* _TASK PROMPT_
Please reproduce the entries below exactly, omitting any images they contain.

··· LISTED ENTRIES ···

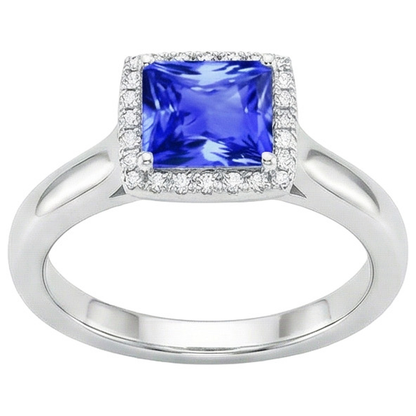 Princess Shaped Ceylon Sapphire Natural Earth Mined Diamonds Gemstone Ring 5.40 Carats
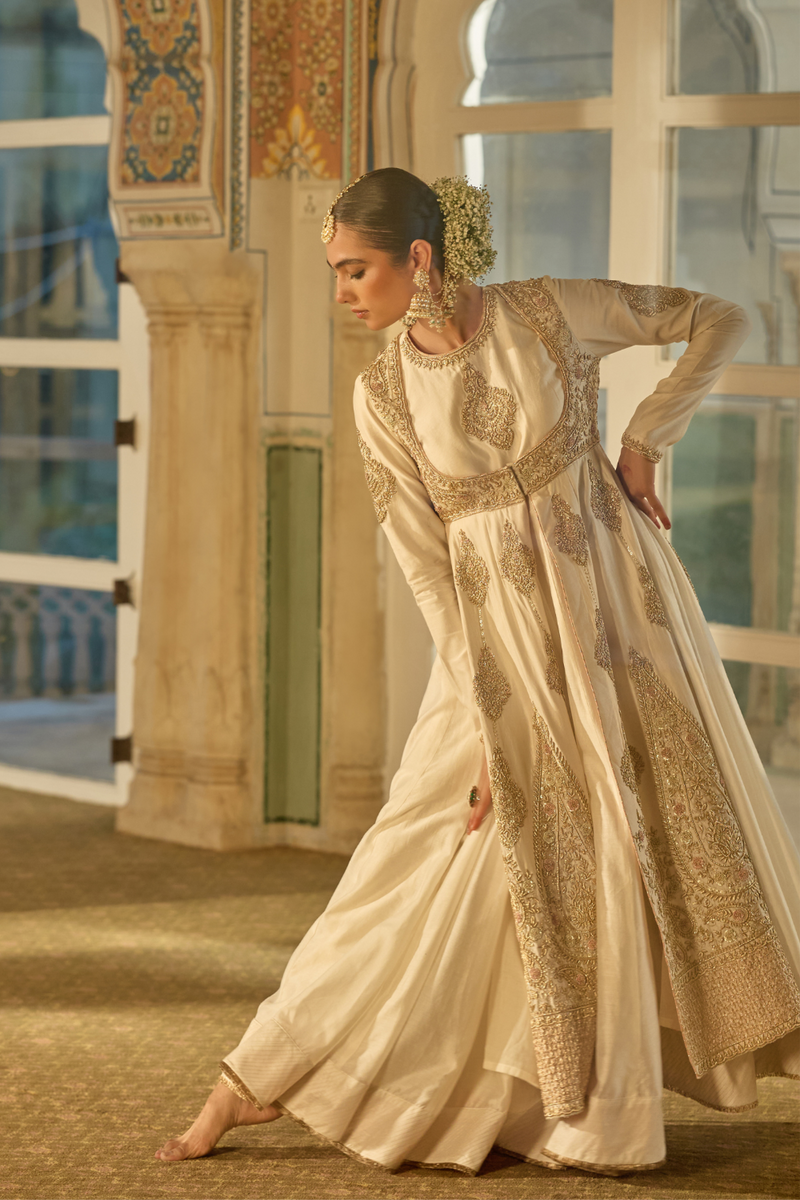 Zainah - Dabka Zardozi Embroidered Silk Daisy Ivory Anarkali Set silk by SHEETAL BATRA in ivory color for women in Singapore
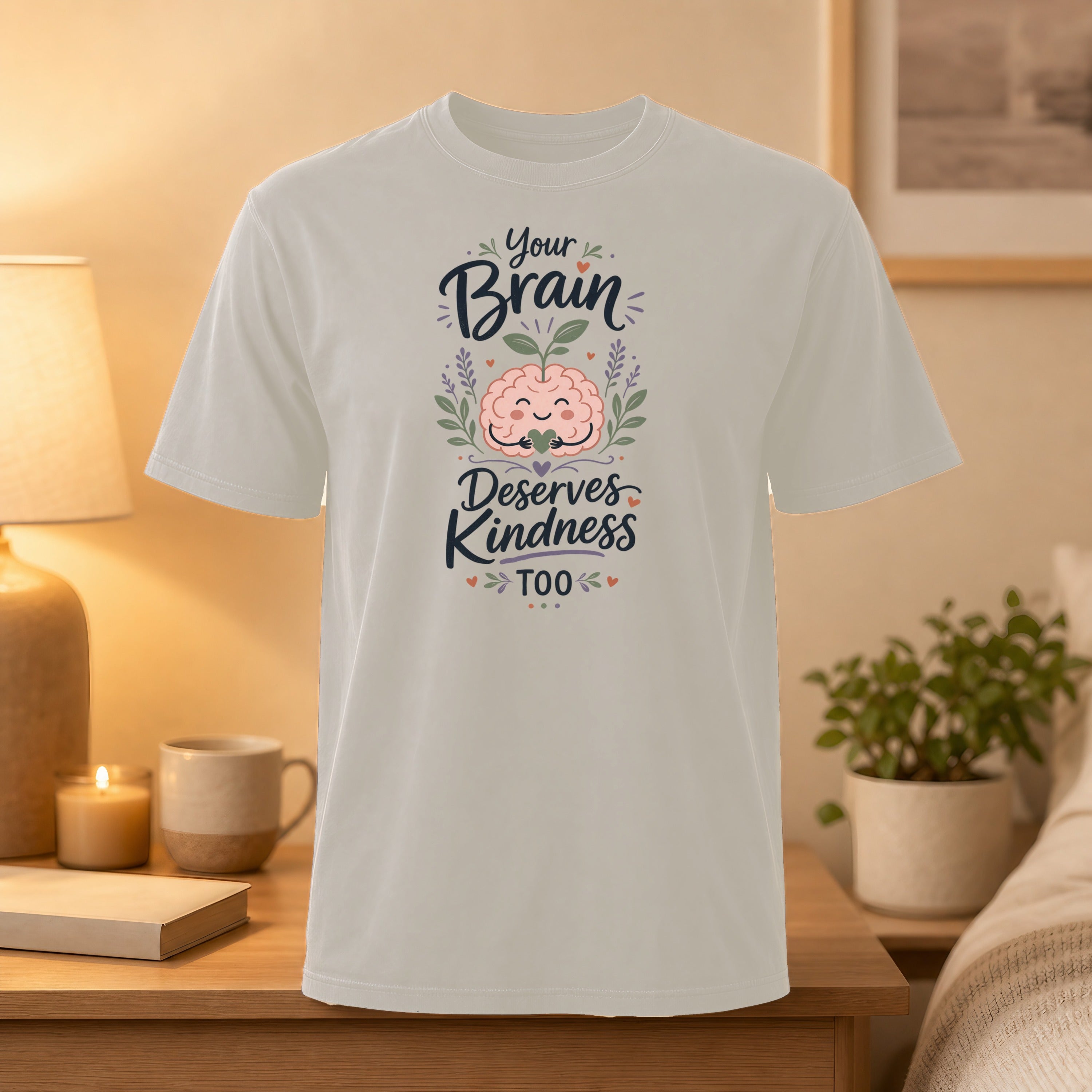 "Your Brain Deserves Kindness Too" text on a light gray t-shirt with plant graphics.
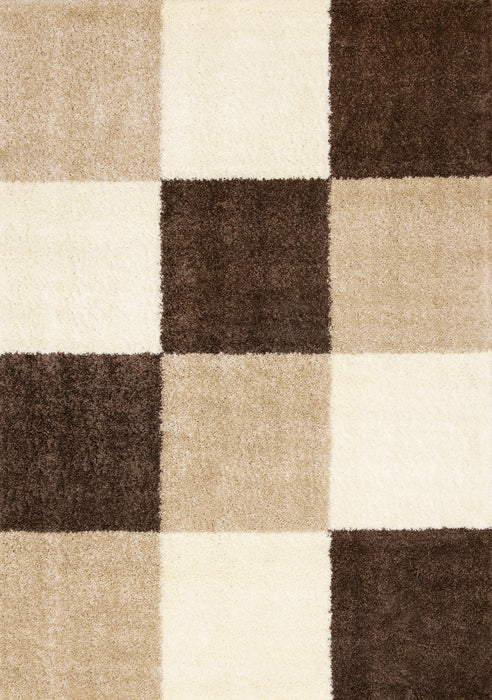 Fairmont Brown Beige White Checkered Rug, 7'10\" x 10'6\" Indoor Area Rug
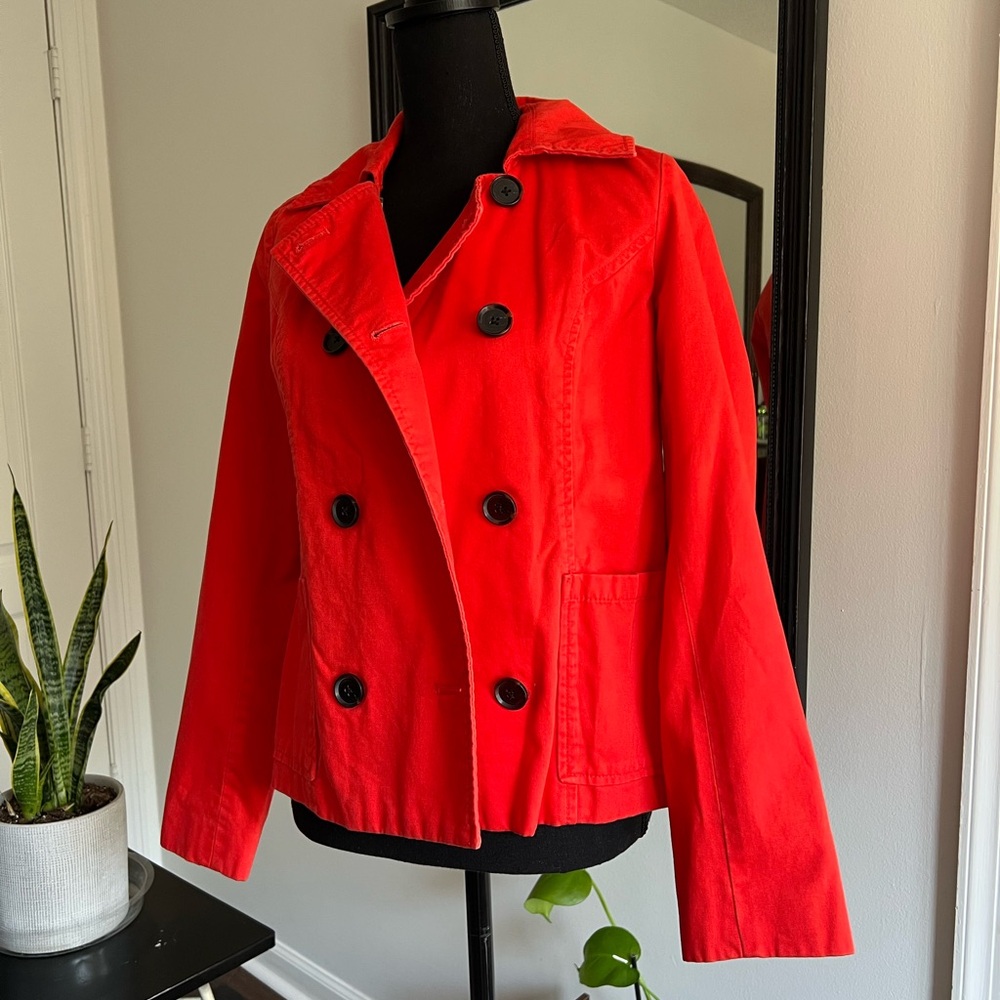Old Navy Women's Bright Red Pea Coat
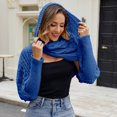 thumbnail image 2 of SWSMCLT Women's Billowy Pullover Sweater Casual Elegant Date Deep V Neck Convertible Batwing Sleeve Knit Knitwear Blue Small-X-Large, 2 of 3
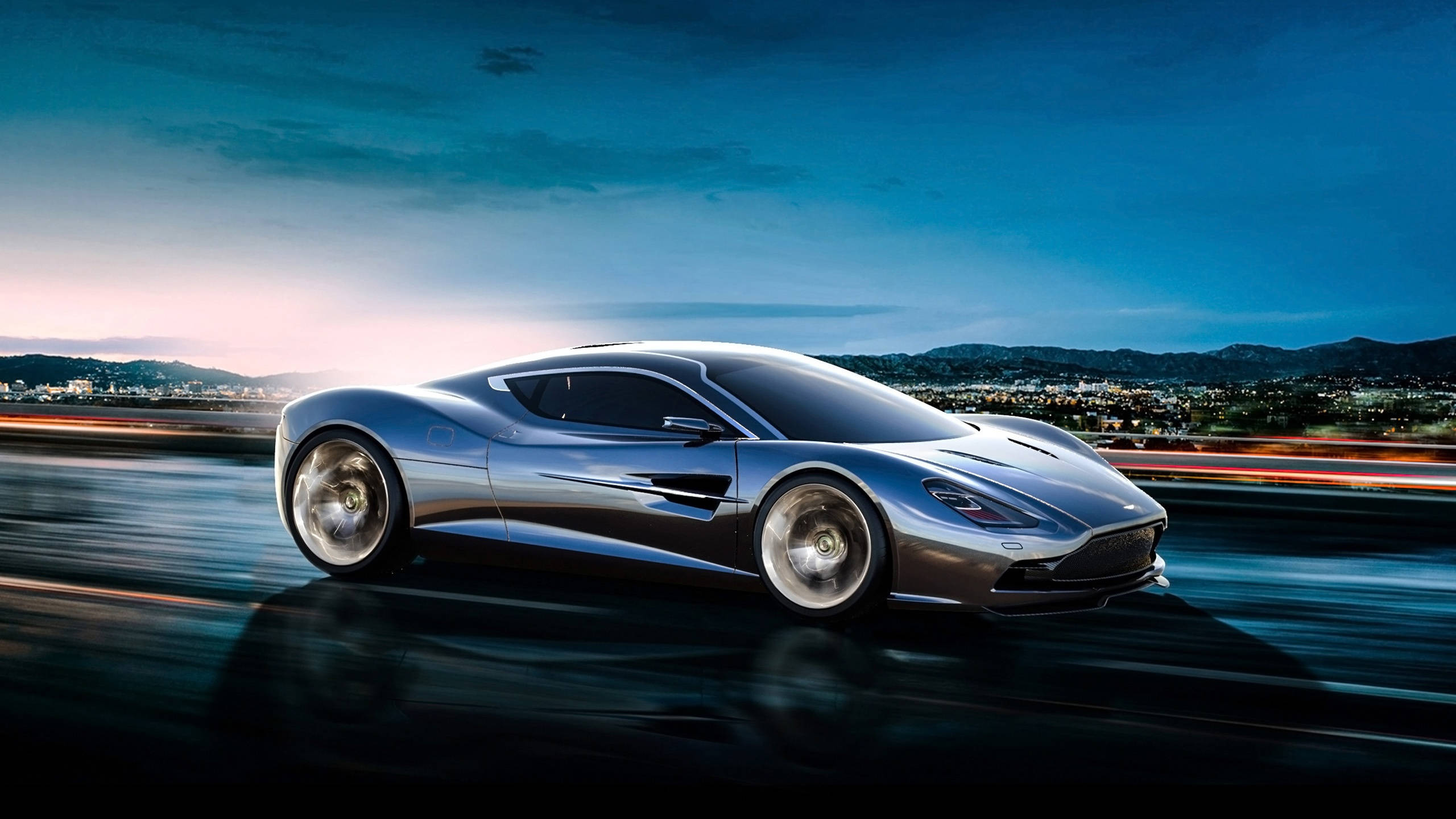 Крутая синяя Aston Martin Обои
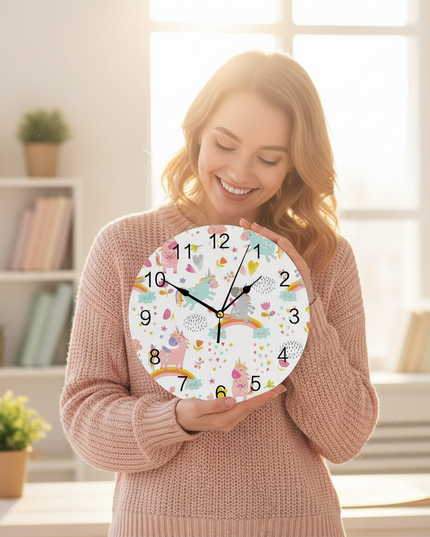 rainbow unicorn wall clock - in-use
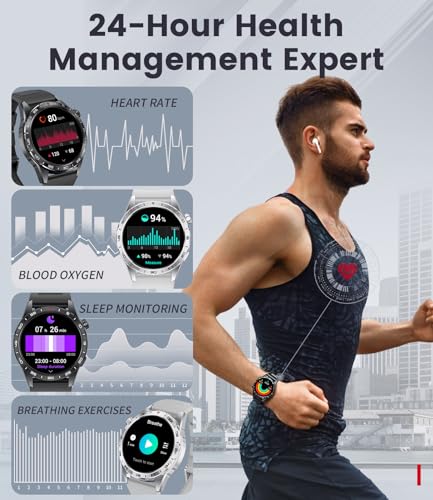 Smart Watch for Men (3 Straps) Answer/Make Calls,1.43'' AMOLED Always-on Display,110+ Sports Modes Fitness Watch with Sleep Monitor/SpO2/Heart Rate/Pedometer IP68 Waterproof Rugged Smartwatch Black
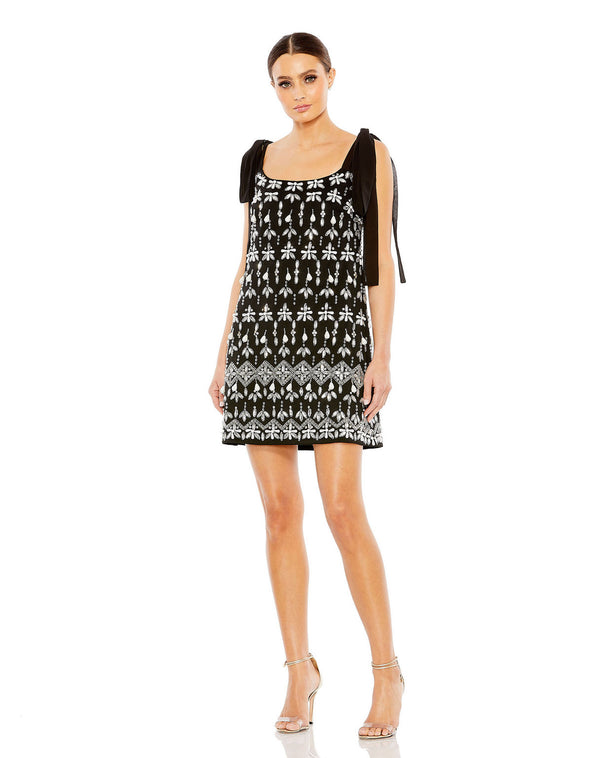 Short Beaded Dress Cocktail Mini Mac Duggal 10937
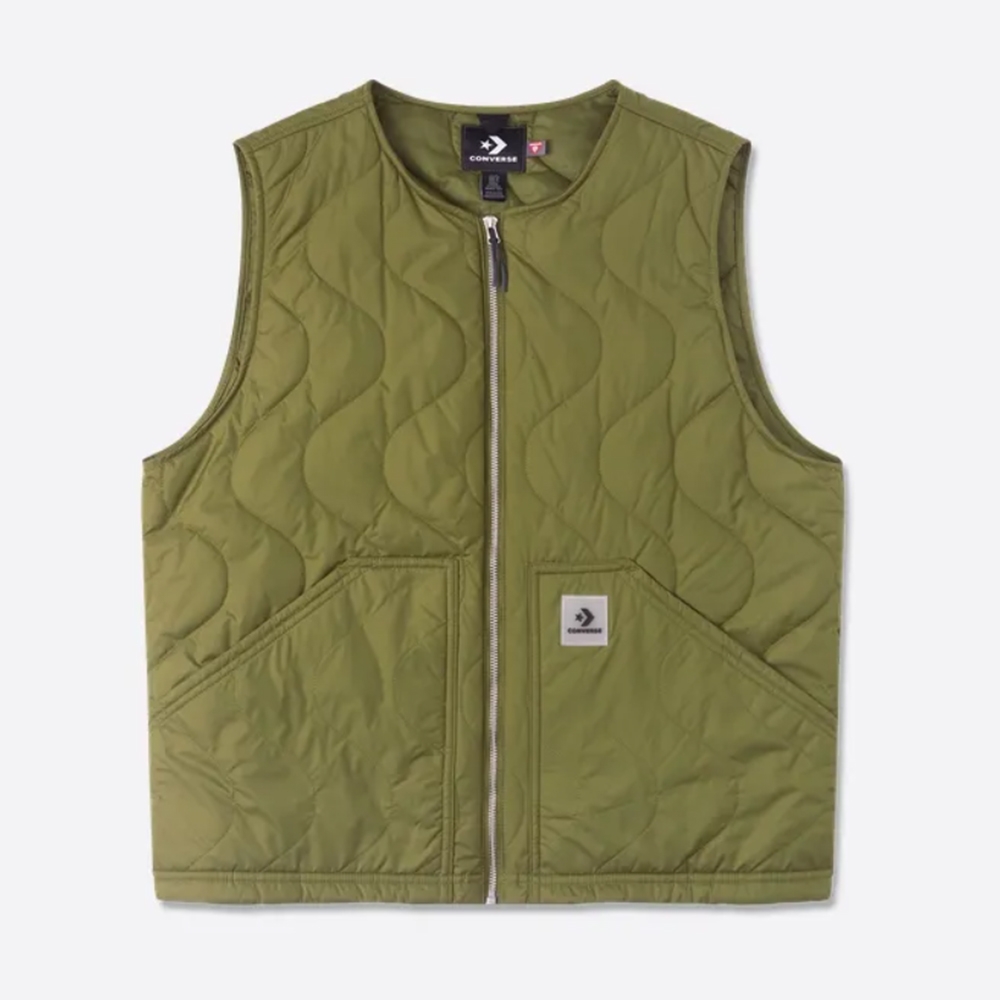 CONVERSE PADDED VEST 羽絨背心 男 軍綠色-10025267-A02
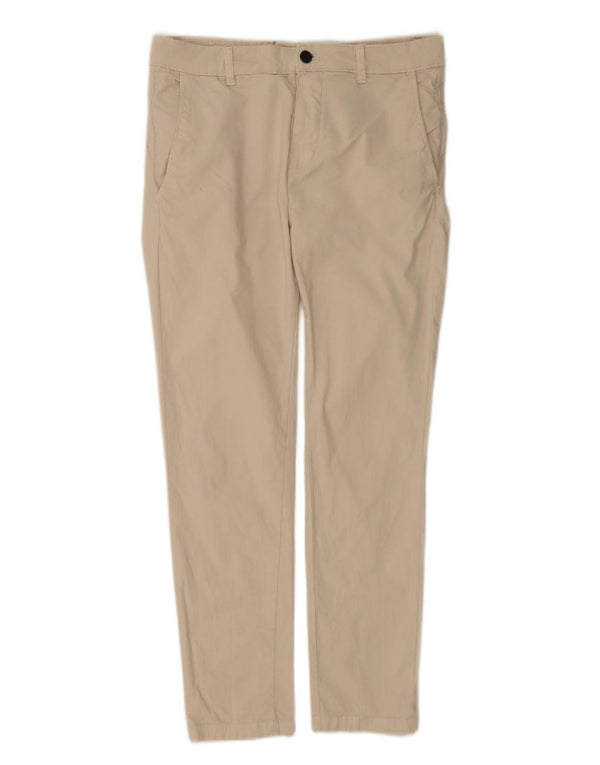 Zara Mens Slim Chino Trousers EU 40 Medium W31 L30 Beige Cotton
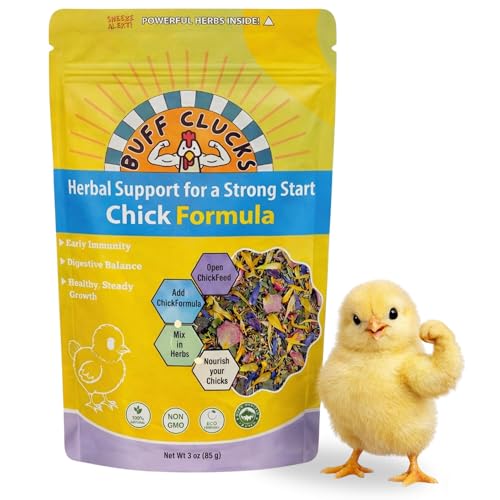 Image of Buff Clucks Chick Formula Herbal Supplement for Baby Chicks - All-Natural Botanical Blend for Daily Wellness, Feather Quality - Plant-Based Herbs for Coop Snacks - Calendula, Oregano, Lemon Balm, USA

···

* _ANSWER BOX_
 Princess Shaped Ceylon Sapphire Natural Earth Mined Diamonds Gemstone Ring 5.40 Carats
 Zainah - Dabka Zardozi Embroidered Silk Daisy Ivory Anarkali Set silk by SHEETAL BATRA in ivory color for women in Singapore
 "Your Brain Deserves Kindness Too" text on a light gray t-shirt with plant graphics.
 Fairmont Brown Beige White Checkered Rug, 7'10\" x 10'6\" Indoor Area Rug
Old Navy Women's Bright Red Pea Coat
 thumbnail image 2 of SWSMCLT Women's Billowy Pullover Sweater Casual Elegant Date Deep V Neck Convertible Batwing Sleeve Knit Knitwear Blue Small-X-Large, 2 of 3
 Крутая синяя Aston Martin Обои
 rainbow unicorn wall clock - in-use
 Smart Watch for Men (3 Straps) Answer/Make Calls,1.43'' AMOLED Always-on Display,110+ Sports Modes Fitness Watch with Sleep Monitor/SpO2/Heart Rate/Pedometer IP68 Waterproof Rugged Smartwatch Black
 Short Beaded Dress Cocktail Mini Mac Duggal 10937
 CONVERSE PADDED VEST 羽絨背心 男 軍綠色-10025267-A02
 Zara Mens Slim Chino Trousers EU 40 Medium W31 L30 Beige Cotton
 Image of Buff Clucks Chick Formula Herbal Supplement for Baby Chicks - All-Natural Botanical Blend for Daily Wellness, Feather Quality - Plant-Based Herbs for Coop Snacks - Calendula, Oregano, Lemon Balm, USA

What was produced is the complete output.